(EXTRACTED ENTRIES)

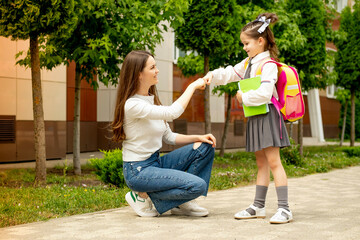 back to school, the mother leads the student's child to the first grade holding his hand, the student girl with her mother and with a backpack goes to school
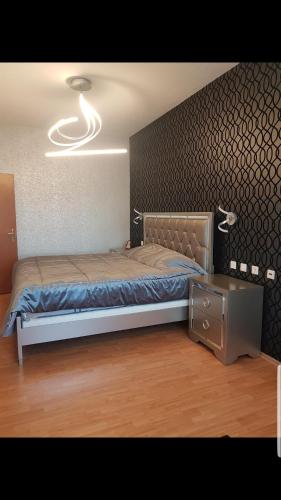a bedroom with a bed and a night stand at Apartament Mamaia in Mamaia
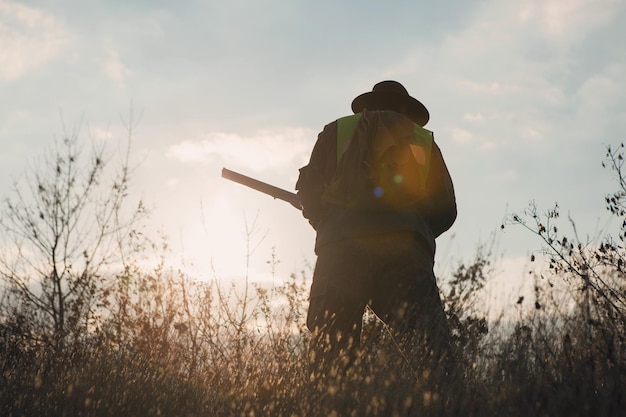 Un cazador con un arma en sus manos en ropa de caza en el bosque de otoño en busca de un trofeo Un hombre está parado con armas y perros de caza rastreando el juego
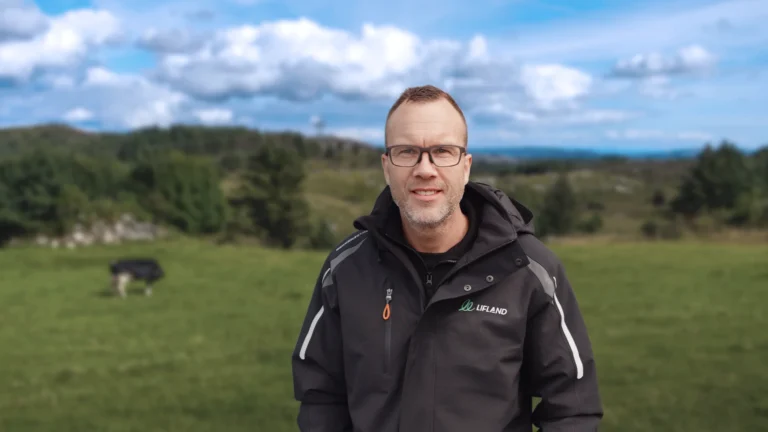En mann med briller og svart jakke står på en gresslette med trær og skyer i bakgrunnen. André Granrud er ny salgskonsulent i Lifland.
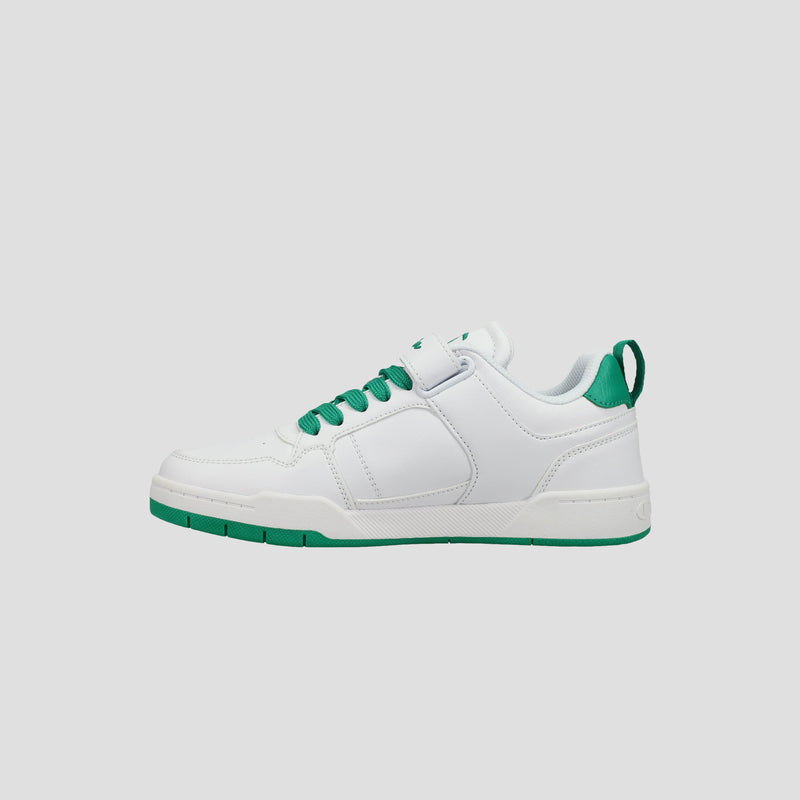 The Champion Kids' Arena Power Low sneaker features a white design with green laces, heel tab, and sole, channeling classic Champion style against a plain light gray background.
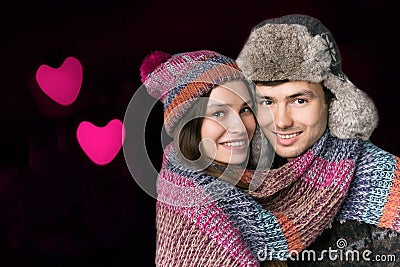 Young Man and Woman in His Arms on the Background of Hearts. Love Concept Stock Photo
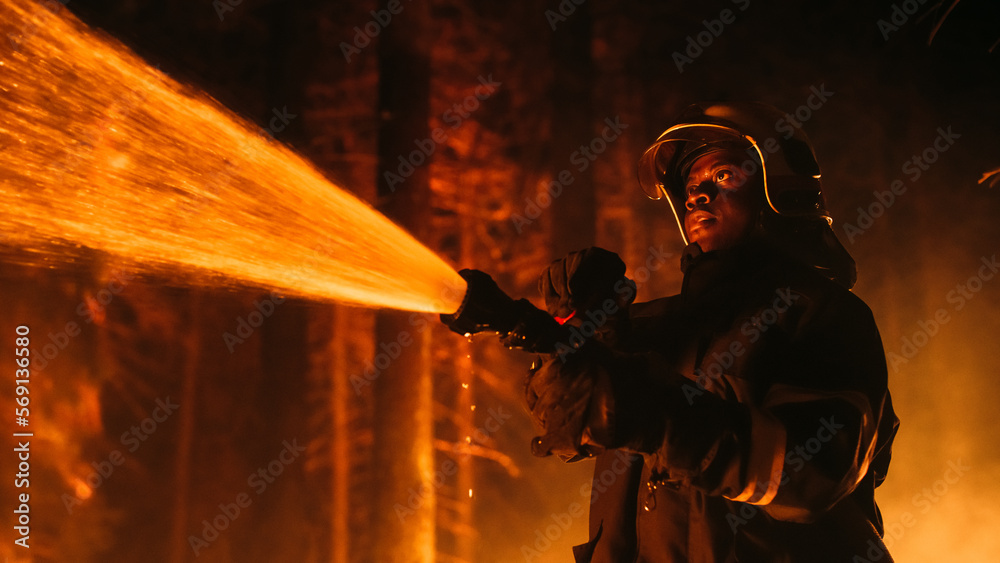Close Up Low Angle Creative Portrait of a Brave African American Firefighter  Using a Firehose to Fight a Forest Fire. Black Fireman Holds High-Pressure Water  Hose in Hands, Battling Bushfire. Stock Photo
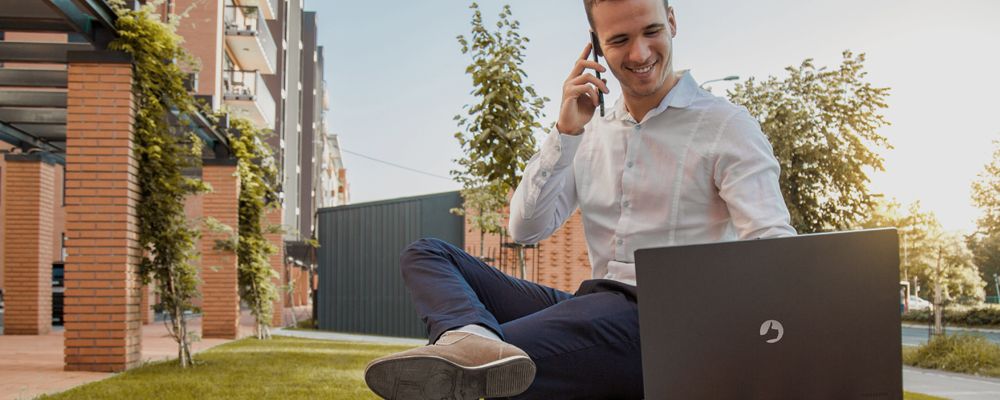 Homem falando no celular enquanto trabalha com seu notebook Positivo.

(End EXTRACTED ENTRIES)

§ **TASK DIRECTIONS**:
Every line of the data above should be returned exactly, with the pictures removed.

§ **SOLUTION FOR THIS TASK**:
 back to school, the mother leads the student's child to the first grade holding his hand, the student girl with her mother and with a backpack goes to school
a bedroom with a bed and a night stand at Apartament Mamaia in Mamaia
 Un cazador con un arma en sus manos en ropa de caza en el bosque de otoño en busca de un trofeo Un hombre está parado con armas y perros de caza rastreando el juego
En mann med briller og svart jakke står på en gresslette med trær og skyer i bakgrunnen. André Granrud er ny salgskonsulent i Lifland.
 The Champion Kids' Arena Power Low sneaker features a white design with green laces, heel tab, and sole, channeling classic Champion style against a plain light gray background.
 Young Man and Woman in His Arms on the Background of Hearts. Love Concept Stock Photo
Close Up Low Angle Creative Portrait of a Brave African American Firefighter  Using a Firehose to Fight a Forest Fire. Black Fireman Holds High-Pressure Water  Hose in Hands, Battling Bushfire. Stock Photo
 Homem falando no celular enquanto trabalha com seu notebook Positivo.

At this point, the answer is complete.